The 1960s in Africa are usually described by historians and political scientists as the era of the "wind of change" because it was during this period that most African countries gained political independence from their colonial masters. In fact, this "wind of change" gave African countries the legitimacy and legality to be the custodians of their own progress and destiny. However, the African continent since then has been a furnace for social revolution, ethnic conflict, and martial dissension. The reasons for this political uproar in most postcolonial African states are wide and varied. However, a principal reason is that the ruling African elites have confiscated the sovereignty of the postcolonial African state for their own individual benefits thereby leaving the masses in desperate conditions. This tragic situation is reflected in the literary and cultural discourses of post-1960 Africa as seen in the novels of Ngũgĩ wa Thiong'o and Alobwed'Epie. Using Ngũgĩ's Matigari and Alobwed'Epie's The Death Certificate, this article analyzes the relationship between postcolonial African citizens and their political leaders and also shows how these leaders manipulate the dynamics of political or sovereign powers to the detriment of development in their societies.
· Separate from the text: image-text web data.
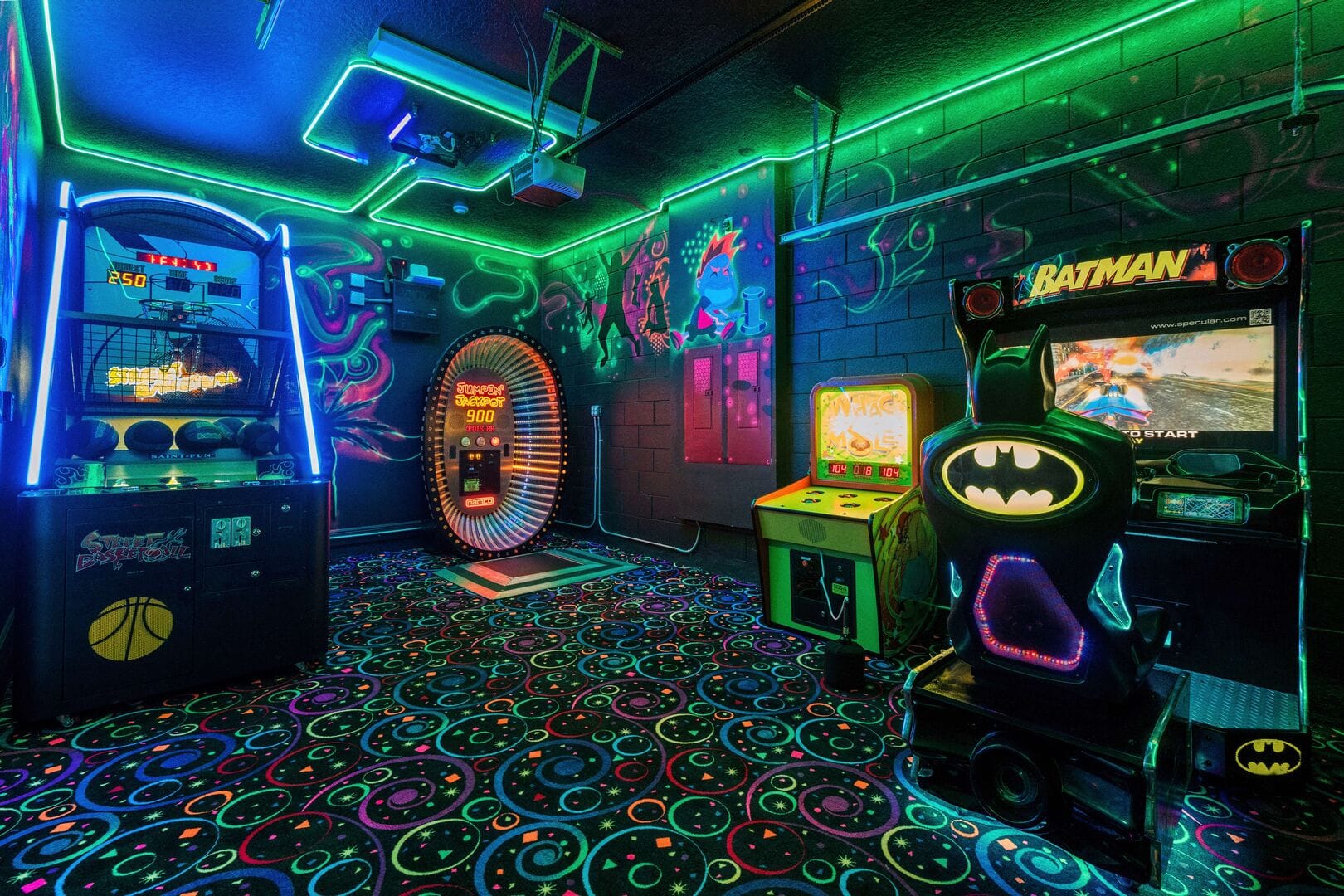 Neon-lit arcade game room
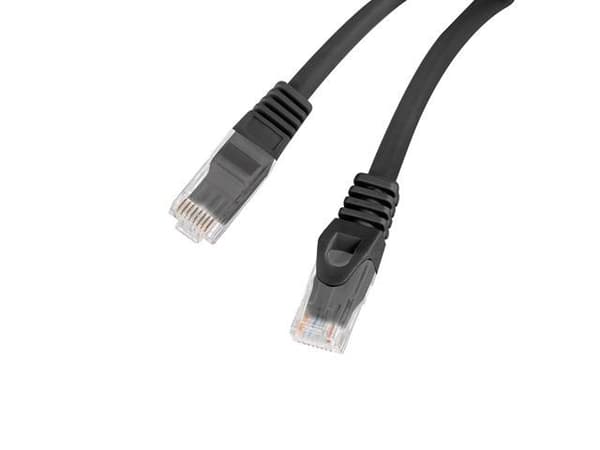 Patchcord Lanberg UTP kat.6 20m lszh CU fluke bestået sort
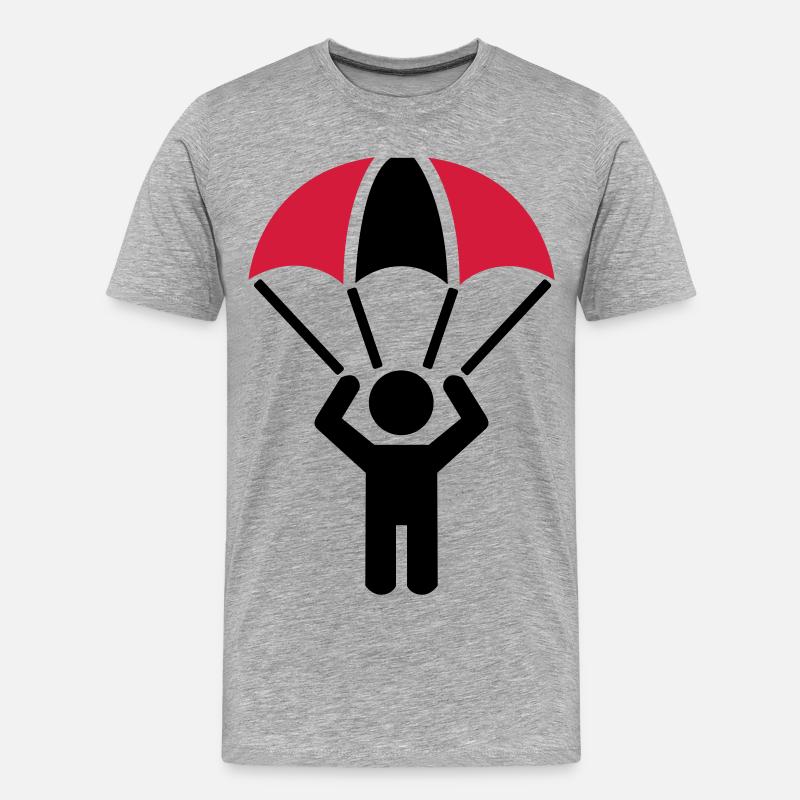 Fallschirm - Männer Premium Bio T-Shirt - Grau meliert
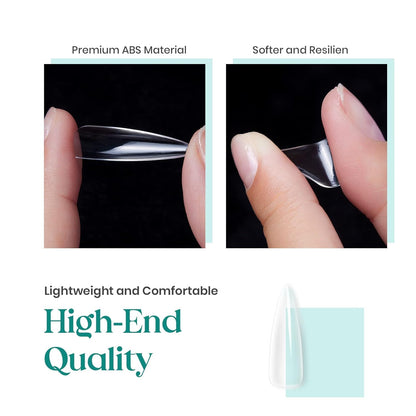 GV32 THR3E STROKES Soft Gel Nail Tips, Full Cover Clear Soft Nail Tips for Artificial False Nails Extension Nail Salons DIY Nail Art with Box, 550PCS (MEDIUM STILETTO N9)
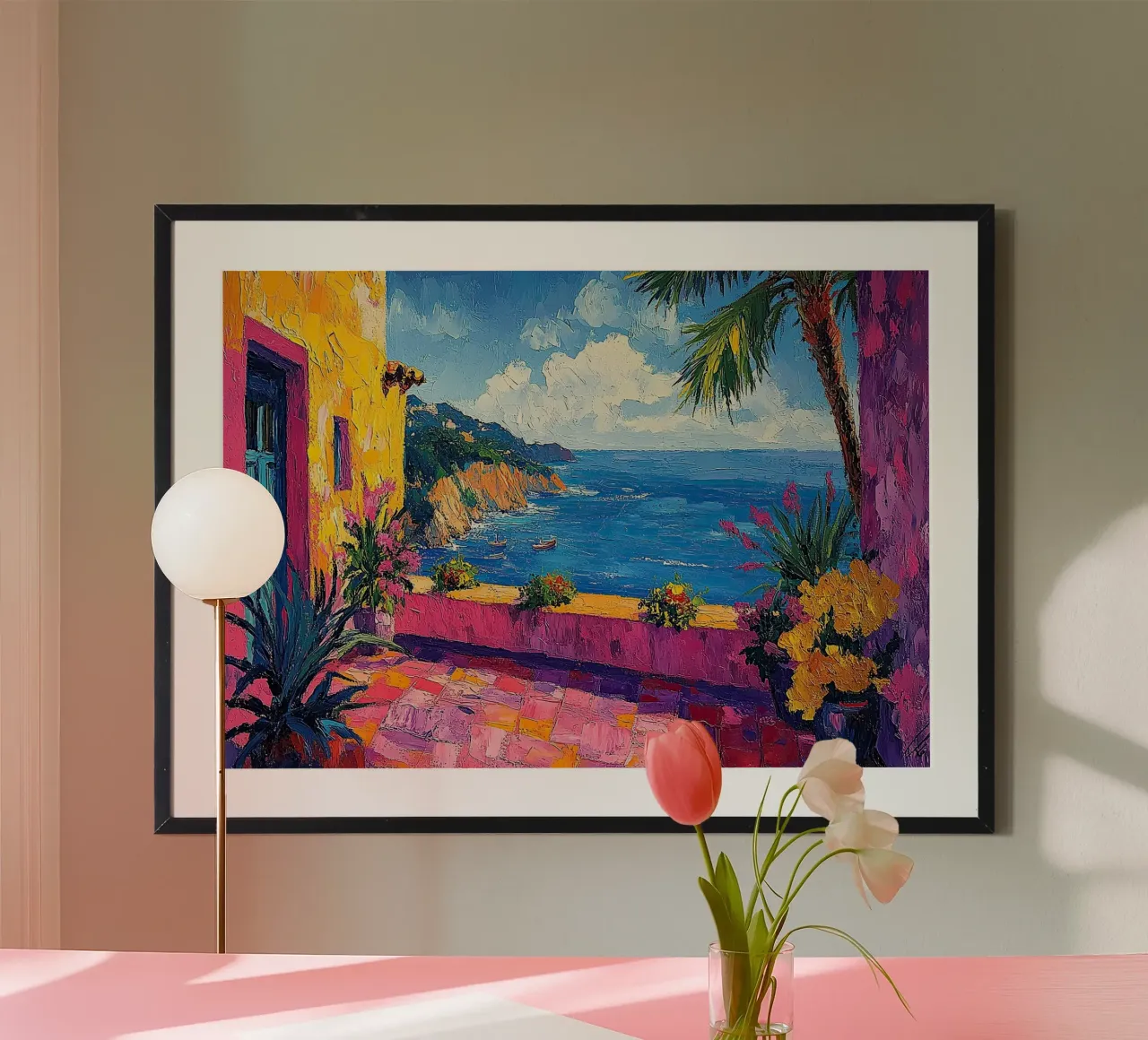 Henri Matisse inspiriert Meer Fauvismus Mediterran Poster mit Aluminium Rahmen von Nikis Art Studio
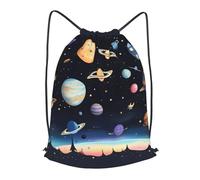 BLWSLC Saturn Jupiter Earth Printed Sports Drawstring Backpack Fitness Travel Backpack Suitable For Gym And Travel, Black, S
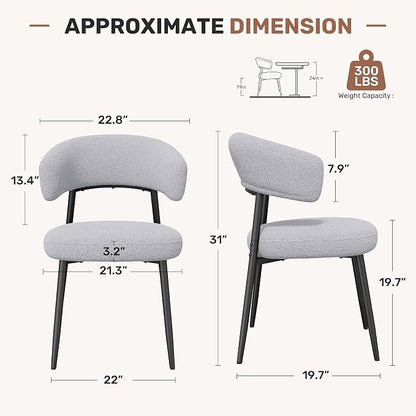Dining Chairs Set of 4, Mid Century Modern Dining Chairs, Boucle Upholstered Kitchen Chair with Curved Backrest & Metal Legs for Dining Room, Grey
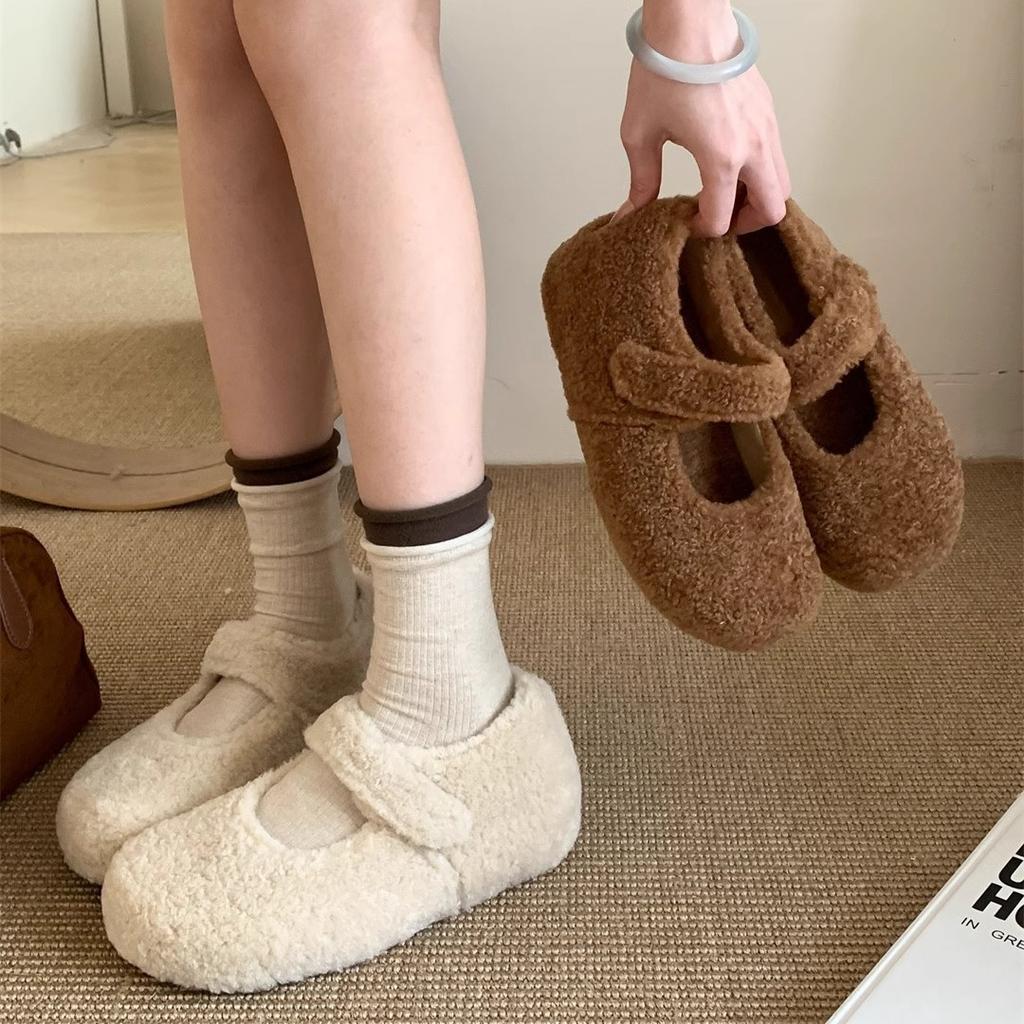 Soft Waxy Small Potatoes~ Inner Height Increase 5CM Fluffy Shoes Piled Mary Jane Shoes Birkenstocks Women's Autumn and Winter Platform Single Shoes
The article supports the view that the political leadership of the postcolonial fictional states, as seen in the novels, is the archetype of the misuse and abuse of state power in contemporary Africa. Using social semiotics as a theoretical paradigm, the paper affirms that postcolonial Africa is unprogressive, fragmented, and dismembered because of the mismanagement of political power for personal aggrandizement. This mismanagement of state powers has exacerbated the politicization of ethnicity in postcolonial Africa and is also responsible for the political tyranny, corruption, and ethnic conflict for which most contemporary African states have been noted.